過去3度出場、アスリートアンバサダー・寺田明日香さんと辿る世界陸上感動の名シーン

今週の「SPORTS BEAT」は、女子100mハードルで世界陸上には3回、東京オリンピックにも出場した寺田明日香さんのインタビューをお届けしました。
寺田明日香さんは1990年生まれ、北海道のご出身。
陸上競技100mハードルでインターハイ3連覇、日本選手権3連覇などの好成績を残した後、摂食障害・疲労骨折等により2013年に引退。
結婚・大学進学・出産を経て、2016年に女子の7人制ラグビーに転向する形で現役復帰し、日本代表練習生として活動したのち、2019年から陸上競技に再転向。
100mハードルで12秒97と、日本人初の12秒台と19年ぶりに日本新記録を樹立し、世界陸上に出場。
2021年には2度の日本記録を更新。日本選手権では優勝を果たし、東京オリンピックに出場。日本人21年ぶりとなる準決勝進出を果たしました。
ママハードラーとして活躍を続けてきましたが、今年(2025年)4月、今シーズンをもって競技者としての第一線から退くことを発表されています。

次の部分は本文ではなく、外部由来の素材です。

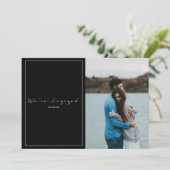 Moderne votre photo heureuse, faire-part fiançaill (Debout devant)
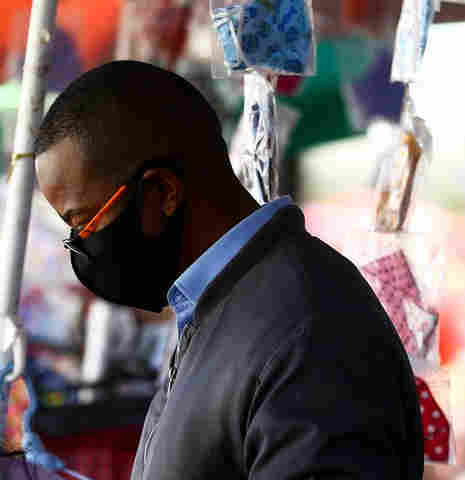 Covid-19: infectologistas defendem volta das máscaras e mais vacinação
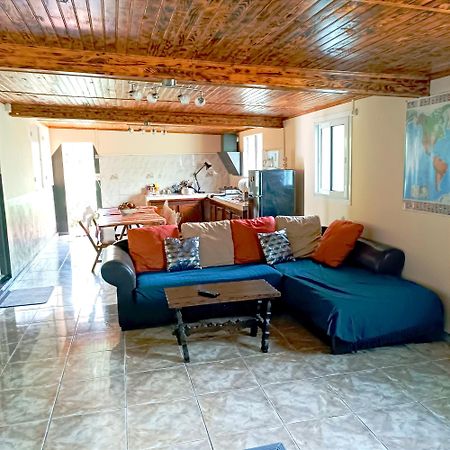 Chambre Privee 1 - Case Creole Le Mistral,Chez Kevin Сен-Андре Екстериор снимка
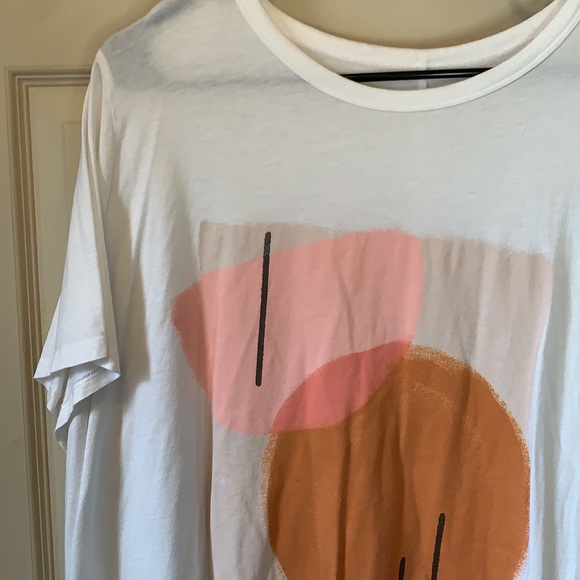 Abstract design tee - Picture 2 of 3
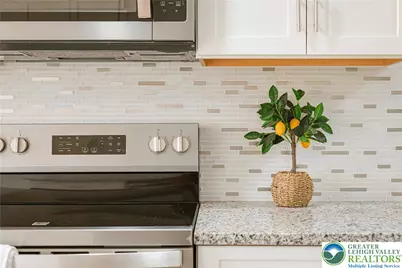 427 Walnut Drive, Lehigh Township, PA 18067 - Photo 17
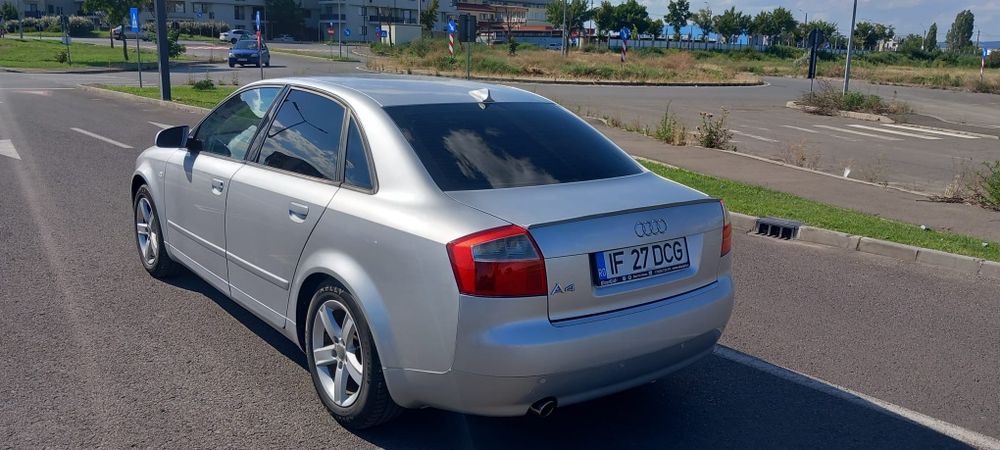 Audi A4 1.6 Mpi GPL omologat taxe valabile se oferă fiscal jante aliaj xenon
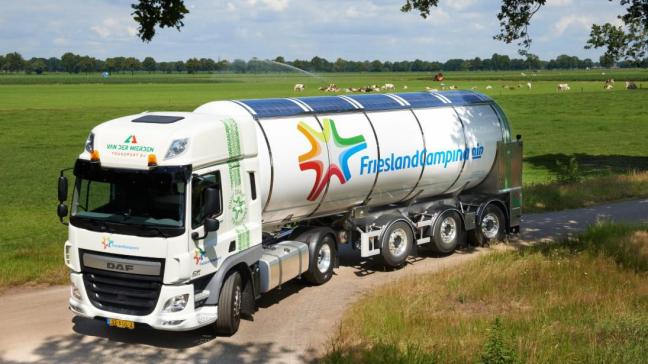 De garantieprijs bij FrieslandCampina daalt met 0,5 euro/100 kg, de prijs voor biologische melk daalt met 3 euro.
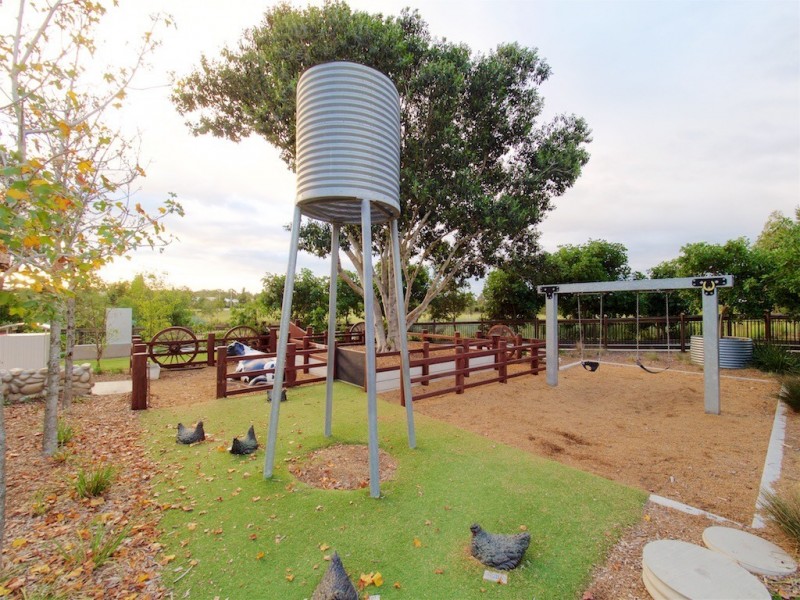 9 Copal Drive, Logan Reserve QLD 4133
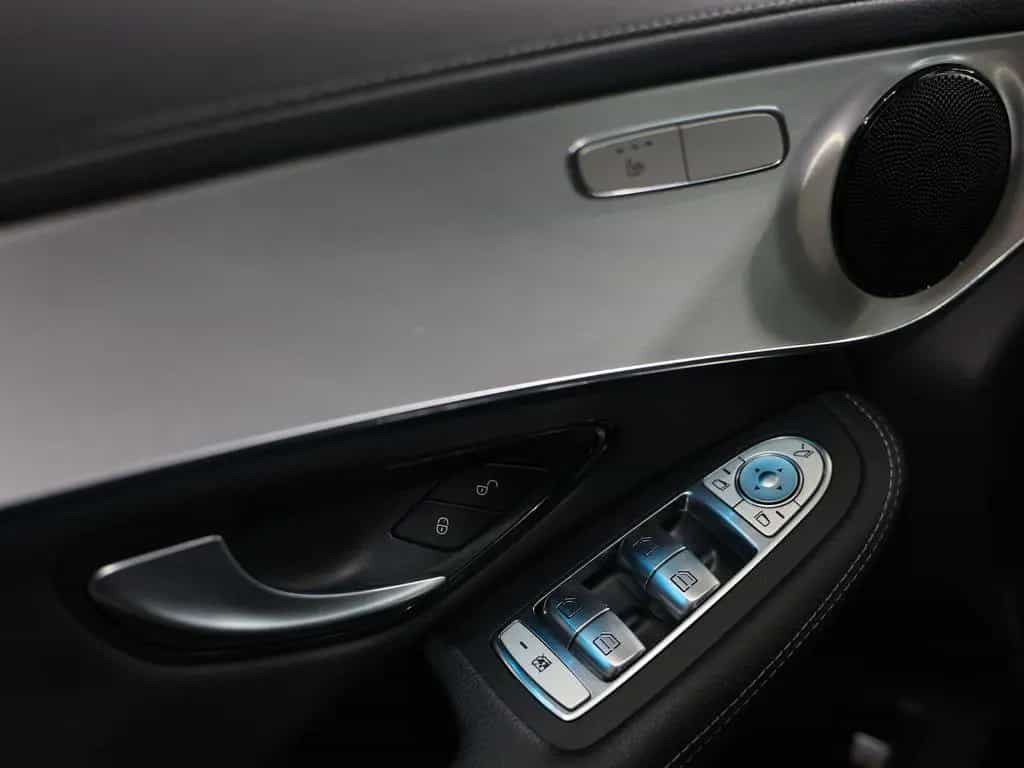 Mercedes-Benz GLC 250 4M LUXURY / LEDER / NAVI+KAMERA / NOTRUF 11/2018-photo-15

──お久しぶりです。この番組では2017年の9月以来です。7人制ラグビーに挑戦している時にお越しいただいたんですけれども、それから8年、いろいろありましたね。

そうなんです。いろいろありまして、陸上も始めてしまいまして(笑)。

──素晴らしい活躍ですよね。

ありがとうございます。また呼んでいただけて嬉しいです。

──今週はまず盛り上がった世界陸上について伺っていきたいんですけれども、日本中が熱狂しましたね。

本当にありがたくて。世界陸上の観客動員数が4番目ですからね。

──日本人選手もインタビューで「応援が地鳴りのようだった」と仰っていましたけれども、やっぱりすごかったですか?

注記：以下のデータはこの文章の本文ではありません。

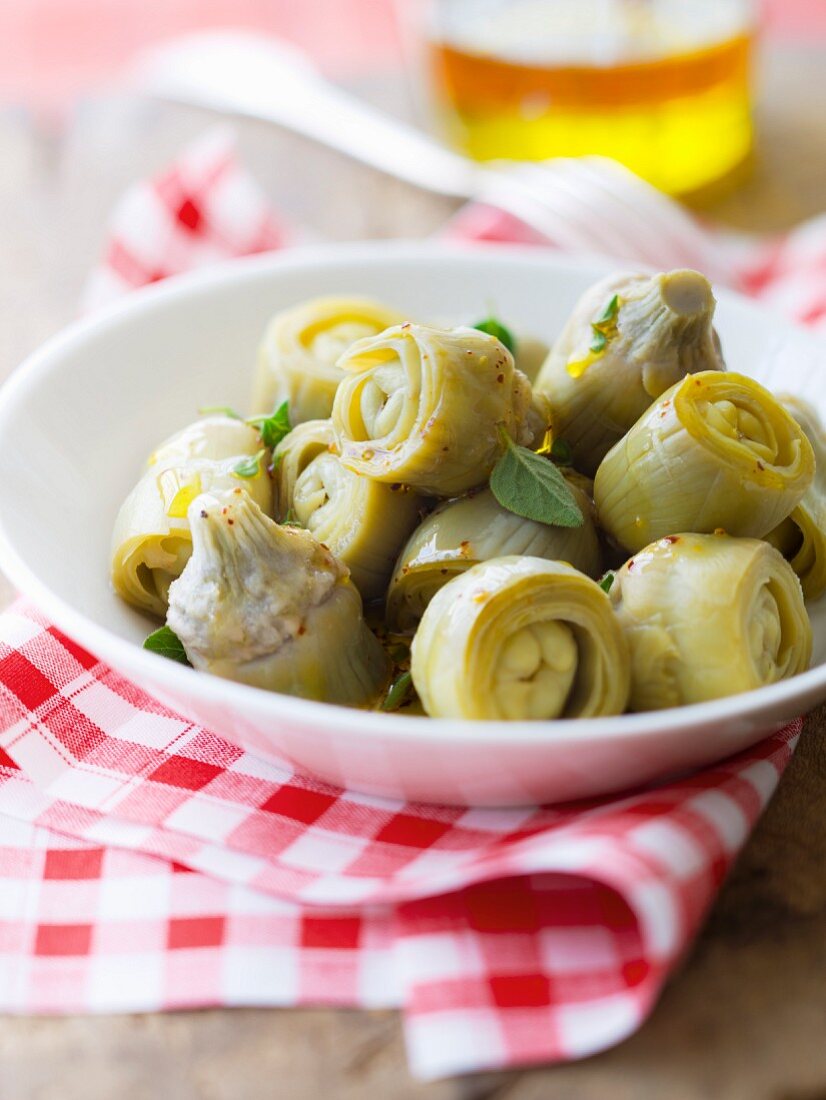 Artichoke salad with olive oil and sage
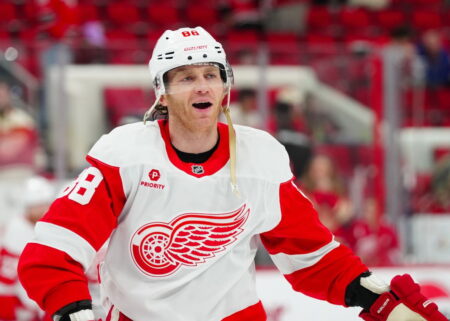 Red Wings' Patrick Kane Honored as a Forever Legend in Chicago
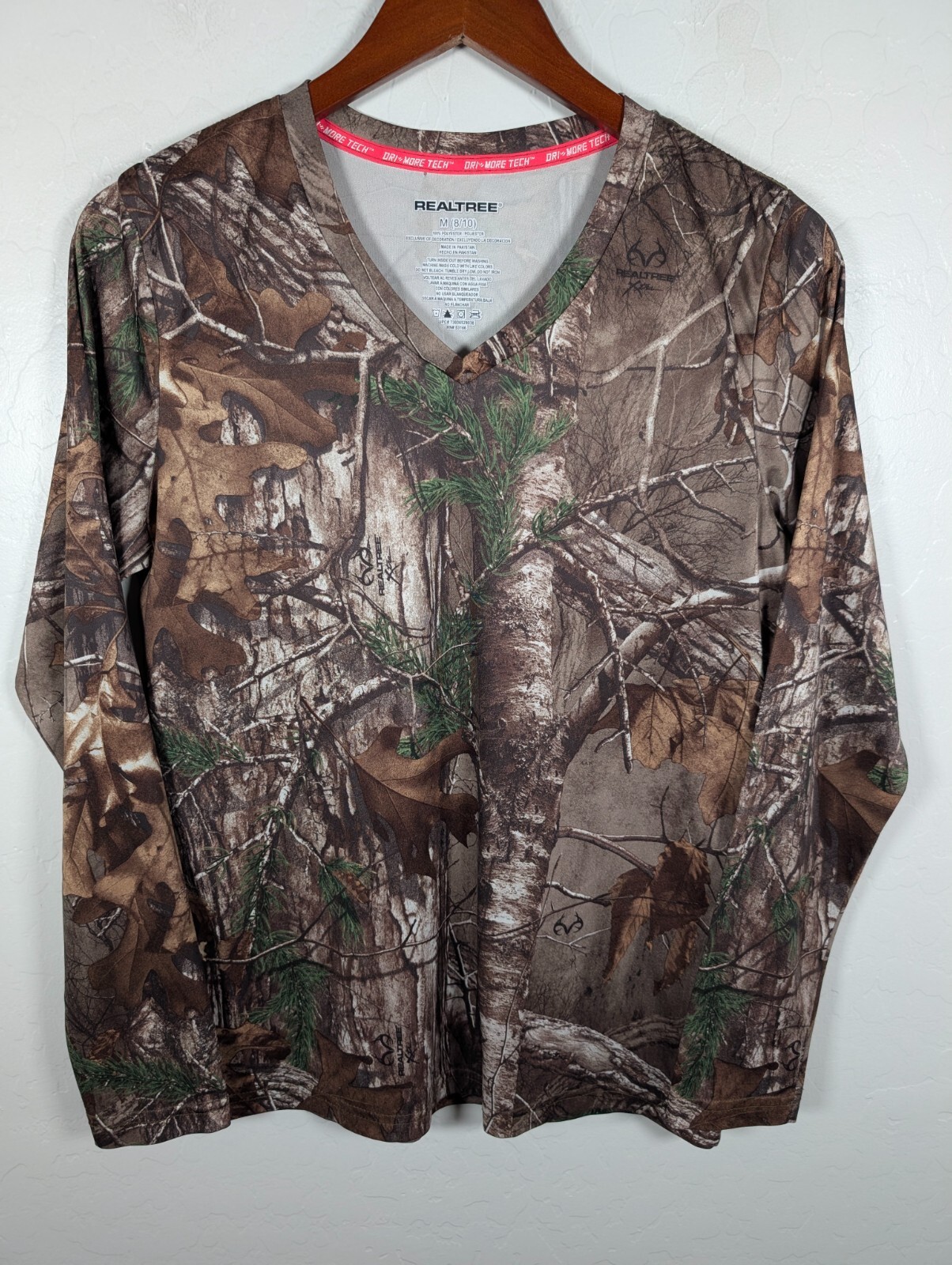 Realtree Tee Shirt Women Top Medium 8-10 Dri-More Tech Long Sleeved Camo Hunting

すごかったです。私があの感じを体感したのはボルトさんが世界記録を出した時ぐらいだったんです。本当に出ている選手が羨ましいなと思いました。

──今回、東京で行われた世界陸上は初日から競歩でメダルを獲得。

男子35kmの勝木選手がやってくれました。でも、ご本人はやっぱり金メダルを目指していたので、最後は悔しいと何度も仰っていましたが、でも第1号ですからね。
藤井さんも銅メダルを獲得しましたけれども、女子競歩で日本人初のメダルなんです。

──競歩って不思議なスポーツじゃないですか。競歩はルール内で、自分の中にリミッターを決めてやらなければいけない唯一の競技だなと思っていて、本当に難しい競技だなと。

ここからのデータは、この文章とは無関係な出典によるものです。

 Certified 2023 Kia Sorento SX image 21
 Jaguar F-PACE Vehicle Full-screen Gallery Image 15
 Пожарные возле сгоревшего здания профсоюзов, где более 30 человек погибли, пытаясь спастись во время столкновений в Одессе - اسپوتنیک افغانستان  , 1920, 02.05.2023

すごく難しいです。私はコーチ研修で競歩を教えていただいたんですが、スタート直後からベントニー(膝が伸びていない状態の時がある違反のこと)する気配しかないんです(笑)。競歩って、膝が曲がっていると駄目なんですよ。

──他に寺田さんの印象に残った選手はいらっしゃいますか?

やっぱりすごく盛り上がったのはライルズ選手じゃないでしょうか。

──日本のアニメが大好きだということで、速さももちろんですけれども、どんなポーズをしてくれるのかという。日本を愛してくれているというだけで応援したくなっちゃいましたよね。

本当にそうですね。男子の4×100mリレーはご覧になりましたか?日本チームがONE PIECEのルフィのポーズを取ったんです。その時のライルズ選手の喜びよう(笑)。

──めちゃくちゃ喜んでいましたよね(笑)。
ハードルで言うと、村竹ラシッド選手がオリンピックに引き続き決勝に進出したと。5位に入るってすごいことじゃないですか。なのに悔し涙。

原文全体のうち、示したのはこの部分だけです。